Thursday, August 25, 2011
The Reunion
Sitting in the back yard, taking in the sounds and smells of the world around me with a keen new sense of appreciation. I reflect with an overwhelming rush of gratitude, the kind of rush I used to seek through booze and blow, except now without the guilt and shame of addiction and affliction. I felt a sort of body buzz, like the fingers and toes of every tiny nerve in my body were stretching out and reaching for more of this feeling, like a new born baby reaching for it's mother. As I embraced this buzz, I almost missed the vibrating of my cell phone from the pocket of my blue jeans. The realization that it wasn't organic, but electronic, abruptly took me out of my zone. I looked down at my phone, it read: Text Msg. A local number, but one I didn't recognize. I opened the body to read the message. A simple period. Nothing more. A goddamn punctuation mark. A back and forth of question marks and nonsense followed, seemingly becoming a game of cat and mouse that I was losing patience for. As the typing tryst was coming to an end, the stranger on the other side signed off with startling and familiar phrase. "Have a festive day" the message read.

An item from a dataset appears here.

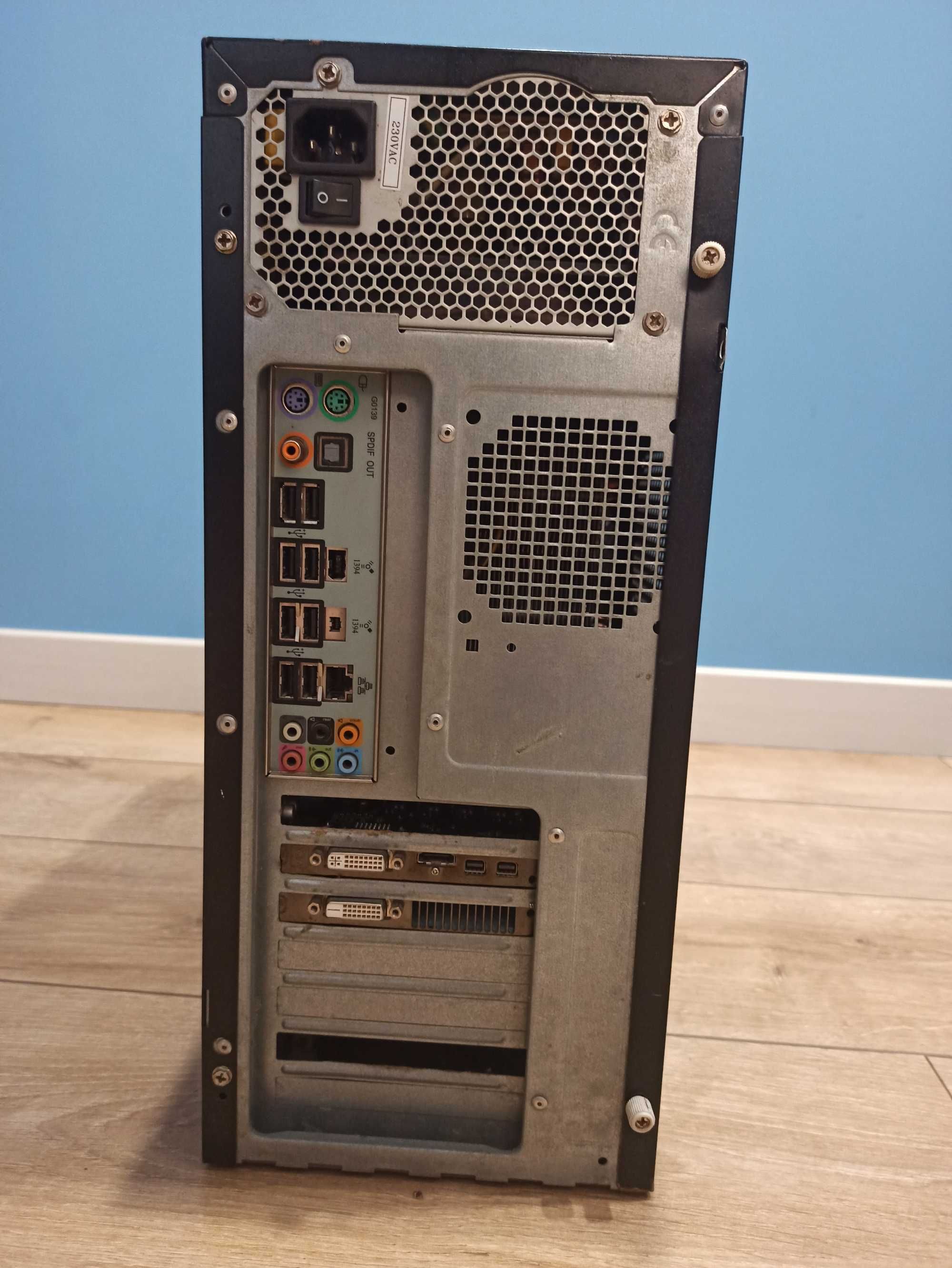 QuadCore AMD Phenom II X4, 6/220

My heart fell out of my chest. The air emptied from my lungs. All of my body parts stopped working one by one, as if I was gradually becoming paralyzed by fear, excitement, panic, and a rebirth of hope that could never be explained in any prose or publication. I was unclear of her motives or desires, and focused on one thing and one thing only. She was back. I didn't care if she was back for just a brief moment, to whisper her displeasure and hatred and then vanish to a world free of my name, my face, my memory. At this second, right now, she is back......and I felt whole again, if just for that moment.
Rude Awakening
I was laying flat faced and broken on a cold metal dive-in, the familiar stench of body odor and mildew concentrated the air. After a few minutes of haze and confusion, I shook the cobwebs and quickly realized where I was, this wasn't my first stay in the house of guilt and shame. The City of Boulder's police department is a state of the art facility, in a quiet posh town, full of 30 or so cookie cutter Officer Krumpky's ever so stricken with their God given authority to judge and police us lesser mortals. The reason for my stay was yet to be determined, but I knew I would be shortly made aware of my evils. I paced my jail cell waiting for reckoning; anxiety, fear, and an unhealthy excitement rushed painfully through my body. The second hand of the time keeper echoed in my skull. Time seemed to pass in slow motion, as if this feeling of suffering was part of the judgement yet to come. They say that the anticipation of death is worse than death itself, as far as I was concerned at that moment, death would be an undeserved gift I was prepared to beg for.......as the details of the last twenty hours started rushing back to my brain like water through a floodgate.
Thursday, August 18, 2011
Day one.....
It seems appropriate I guess....whether one person or a thousand read whatever this is to become, that I preserve this journey that I am on, and share as much of my struggles and accomplishments as I can bear......In hopes to keep me on the path that I have set forth for myself.